Our History
New Hampshire was one of the first Family Voices organizations in the U.S., starting in 1994 as a grassroots network of families of children and youth with special health care needs that shared information, resources, health programs, and policies.
Today, there is a Family Voices Affiliate in almost every state, and New Hampshire Family Voices (NHFV) continues to help families and professionals navigate the systems designed to serve them and foster a strong network of support.
Our founding members were parents, and to this day, the majority of our staff are individuals and family members with lived experience. We involve families, amplify their voices, participate in program development, and share expertise to influence policies that impact children.
NHFV connects families of children and youth with special healthcare needs and disabilities to the resources they require and provides vital information to help them access the services and support they need to thrive.
NHFV is administered under a fiscal agreement with the New Hampshire Coalition for Citizens with Disabilities Inc., d/b/a Parent Information Center, a 501(c)(3) nonprofit, and is the State Affiliate Organization of Family Voices National.
To learn more about National Family Voices, visit http://www.familyvoices.org
Our Mission
New Hampshire Family Voices provides free, confidential services to families and professionals caring for children with chronic conditions and/or disabilities. We empower and inform families and professionals to feel confident when making choices for children and youth in their care.
Our Principles
Family-centered care. Because families are at the center of a child’s life, they must be equal partners in decision-making and all aspects of the child’s care. Family-centered care is community-based, coordinated, culturally and culturally competent, and guided by what is best for each child and family.
Partnerships. Family-centered care is based upon strong and effective family-professional relationships built within the context of families’ and professionals’ cultural values and practices to improve decision-making, enhance outcomes, and assure quality.
Quality, access, affordability, and acceptability. Children with special needs deserve primary and specialty health care that is high-quality, affordable, within geographic reach, and respectful of family and community culture.
Health systems that work for families and children. Health policies and systems built on a foundation of family-centered, culturally and linguistically competent care must be the standard for all children.
Informed families/strong communities. Like their peers, children with special needs deserve every opportunity to enjoy a happy and healthy childhood at home in their communities. Families equipped with reliable, accurate information about ways to support their child’s health, education, and social development will help them grow into productive adults as defined by their personal, family, and community cultural beliefs and values.
Self-advocacy/empowerment. When informed and supported, young people with disabilities are active participants in their life choices and can advocate for themselves.

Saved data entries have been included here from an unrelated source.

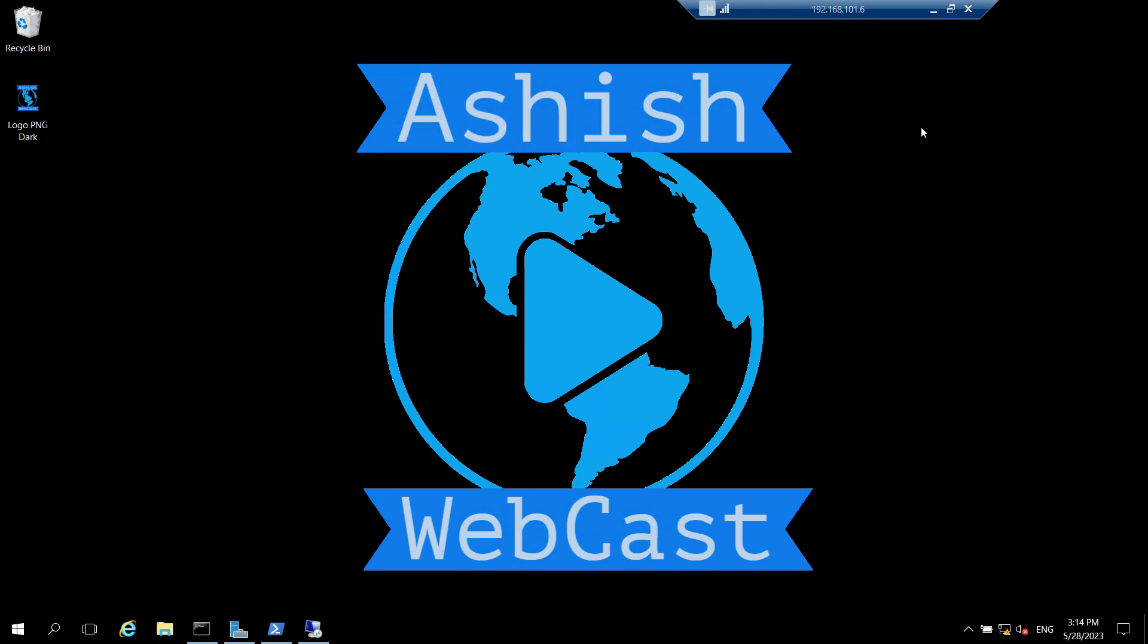Hello friends, welcome back to your channel Ashish WebCast. I hope you all are doing well. Welcome to the next video of how to set up two-tier PKI environment series.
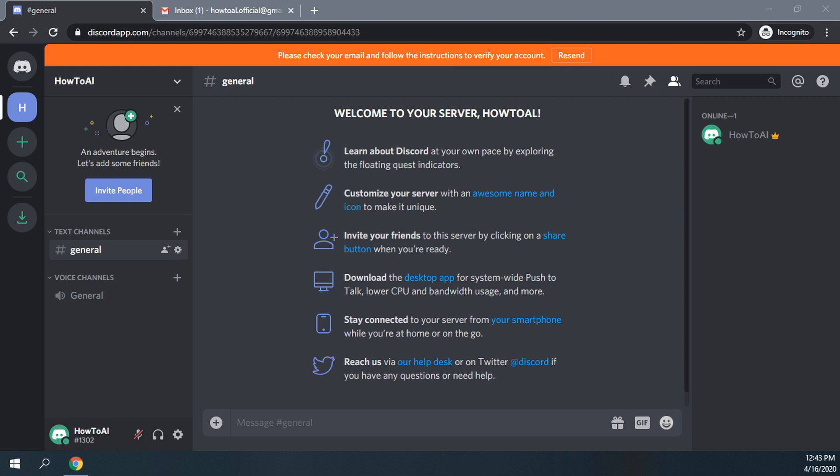After you have logged in and you have done your quick create server, you will then be asked on the top here to please check your email and follow the instructions to verify your account.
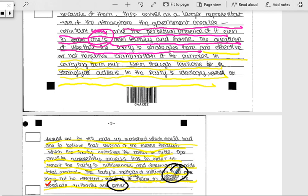Anyway, I hope that's helped with your Criteria B — how to answer the question. Thanks for watching.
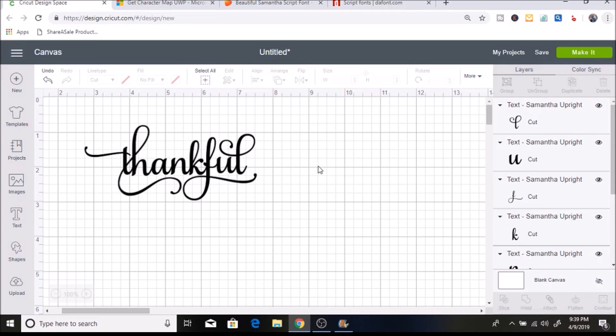Hey everyone, welcome back to my channel. Today I want to share how to get these really pretty letters with your fonts. When I first started with my Cricut machine, I always saw these and wondered how people got them, so today I just wanted to share how you do this.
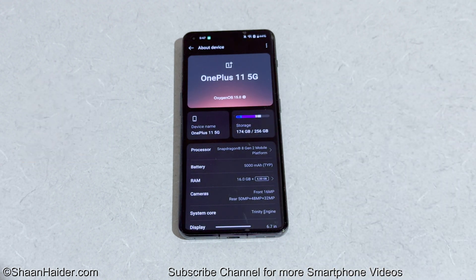So this is how you can update your OnePlus 11, or whatever OnePlus smartphone you have, to Android 15 and OxygenOS 15 to enjoy all of the latest software features. That's all for now, friends. Thanks for watching this video. If you found it useful, give it a thumbs up, share it with your friends, subscribe to the channel, and I will see you guys next time in another video. Have a nice day!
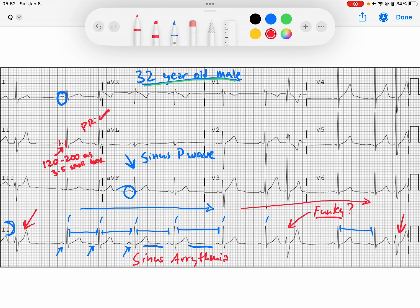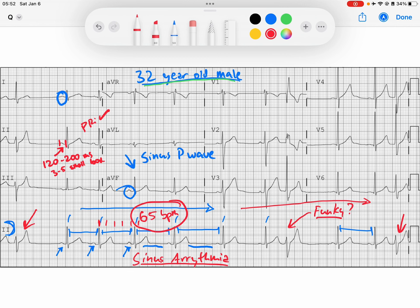This is a really good example of a common finding we see especially in young, healthy individuals — something called sinus arrhythmia. Sinus arrhythmia is variation in the heart rate with inspiration and expiration. The true mechanism behind that involves changing intrathoracic pressures — I've got another video on sinus arrhythmia. So this is a normal finding. Looking at our rate: 300, 150, 100, 75, 60 — somewhere around 65 beats per minute, exactly what we'd expect from a sinus node. All very reassuring findings.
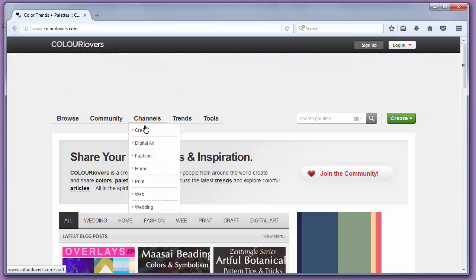Instead of making color palettes from scratch, you can find palettes that other people have submitted and use any palette you like.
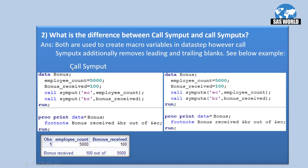In the first screenshot, the example is for CALL SYMPUT. We are creating a dataset called bonus with two variables: employee_count assigned value 5000, and bonus_received assigned value 100. Then we are creating two macro variables EC and VR using the CALL SYMPUT routine. When we run this, it will create the bonus dataset as well as the two macro variables EC and VR.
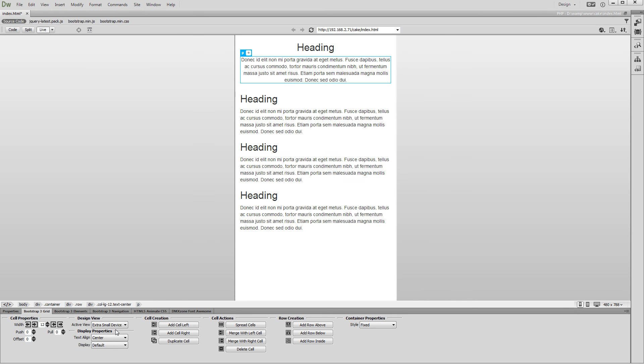That's how easy it is to build your page layout using DMX Zone Bootstrap 3 in Dreamweaver Live View.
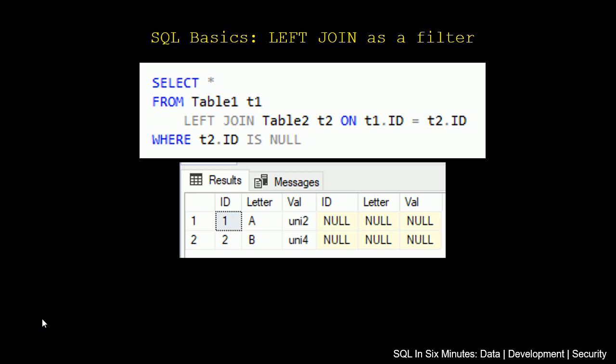But notice how when we select from a table using a left join, this is very important for reports, we are going to get all of the records back from the table we select from unless we use a where clause. That is the exception. Keep in mind if we're filtering on the table, for instance, if I put a filter here where T1.ID equals 1, I'm only going to get the records where the ID equals 1. But if there's no filter on the table that we're selecting from, with a left join, we are going to get all the records from the table that we're selecting from.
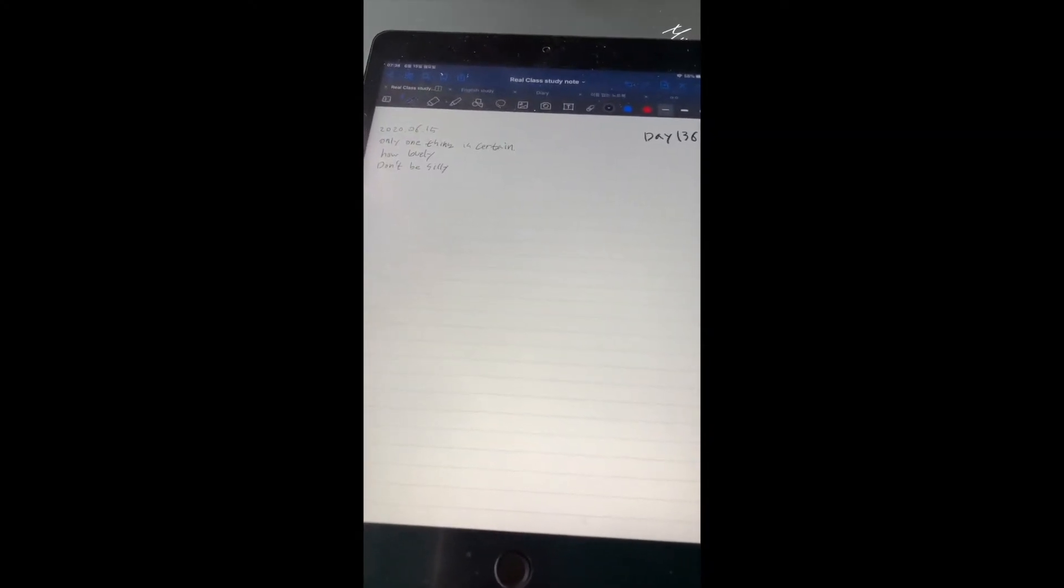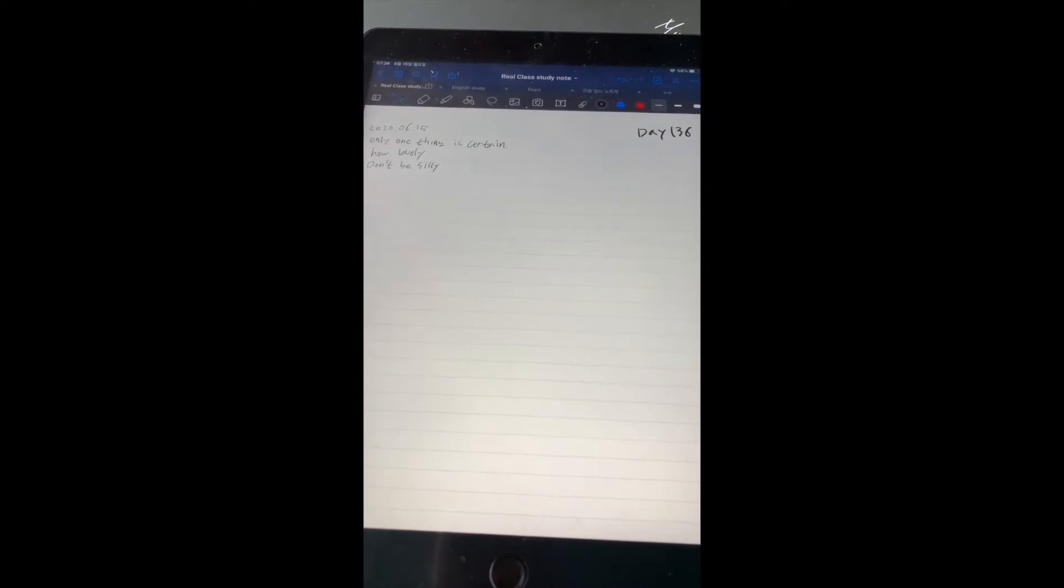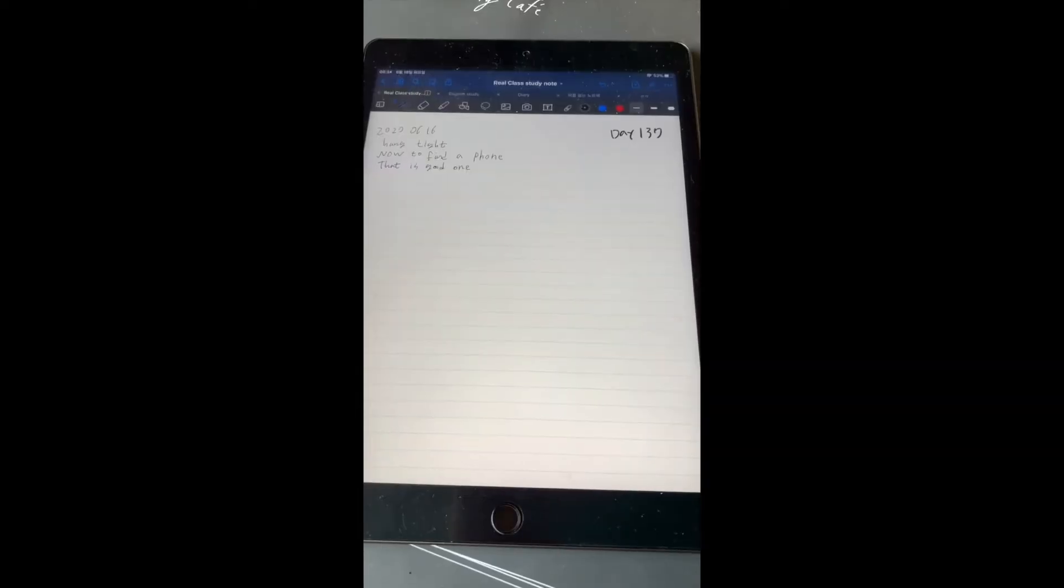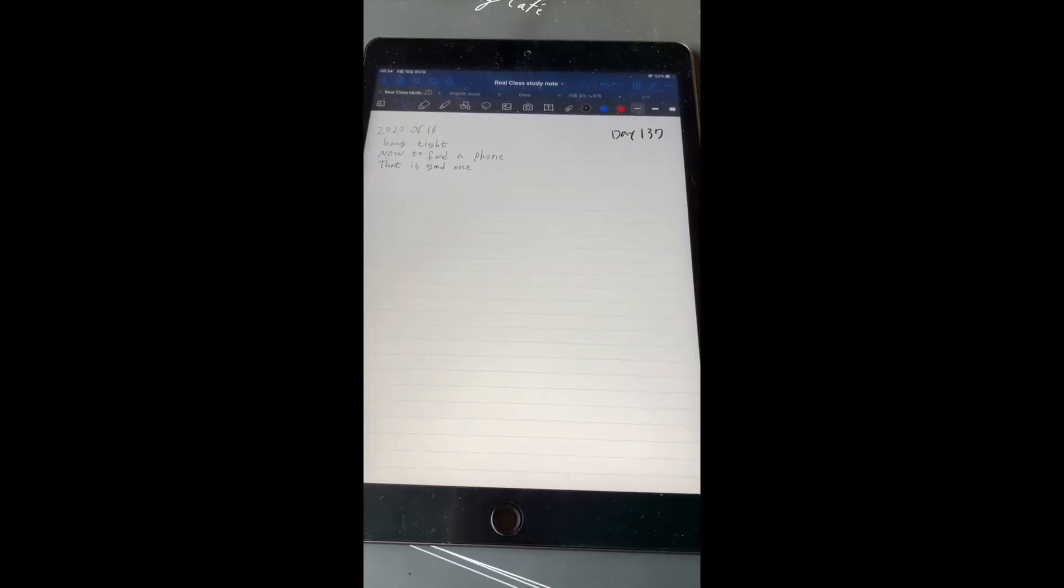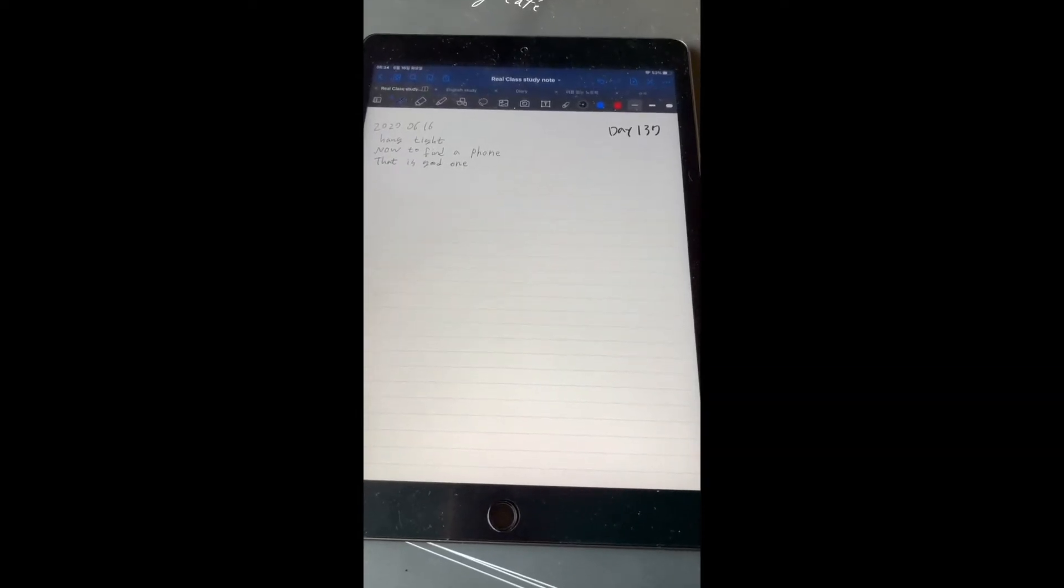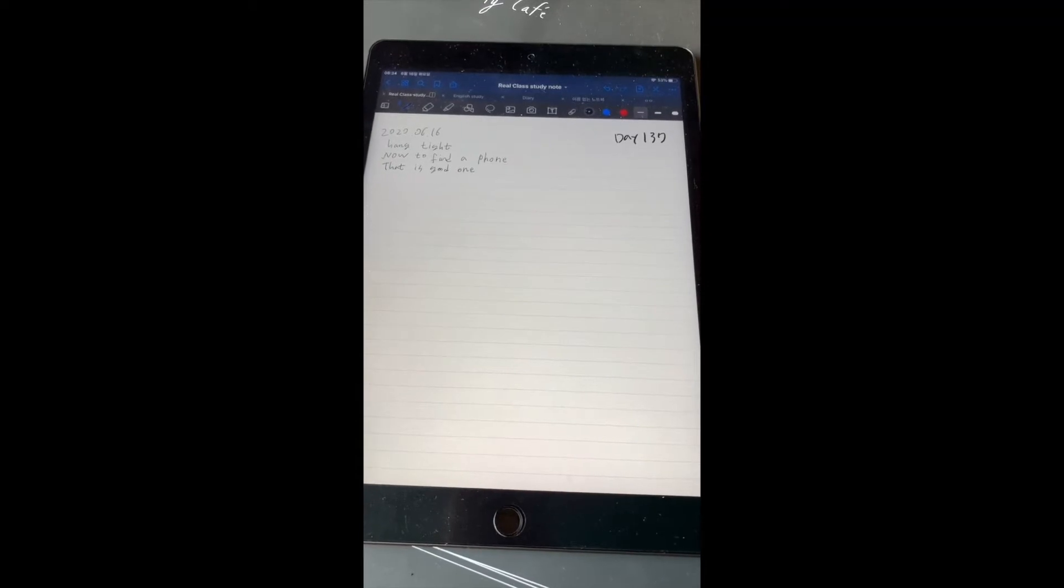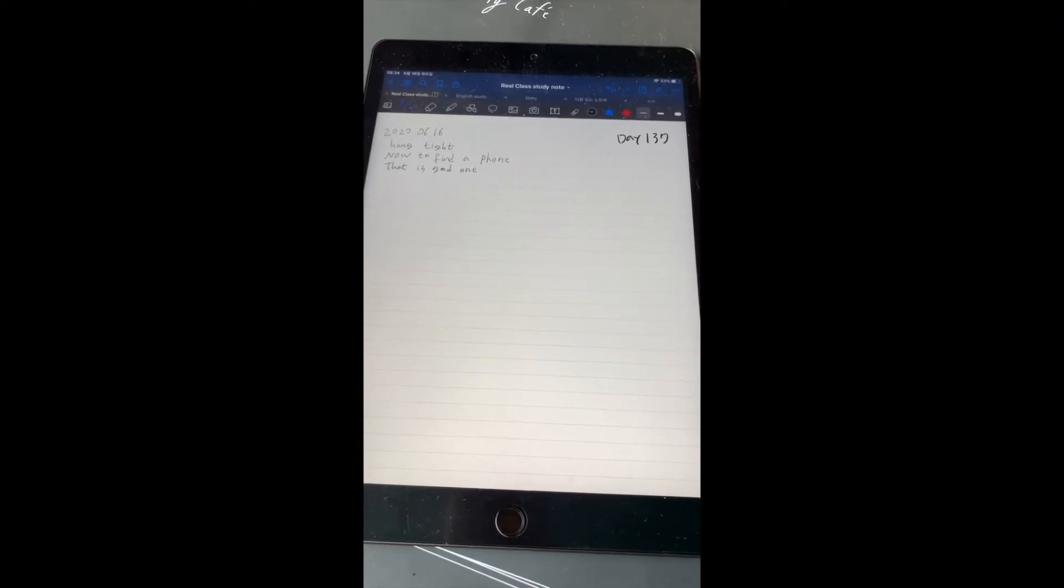Only one thing is certain. How lovely. Don't be silly. Hang tight. Now to find a phone. That's a good one.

Our Fiscal Agent and Education Partner
Our fiscal agent and education arm, The Parent Information Center, works with families who have children with special needs, learning, and attention issues. They provide a wealth of services to help families understand their child’s developmental and educational needs, the laws that govern early supports and services, and the special education process.
Our organizations work together to offer information, resources, and training that helps families, providers, and system builders make informed decisions. We aim to ensure that New Hampshire families, as well as the providers and educators who support them, can access the necessary resources for their children with chronic conditions and special education needs to thrive.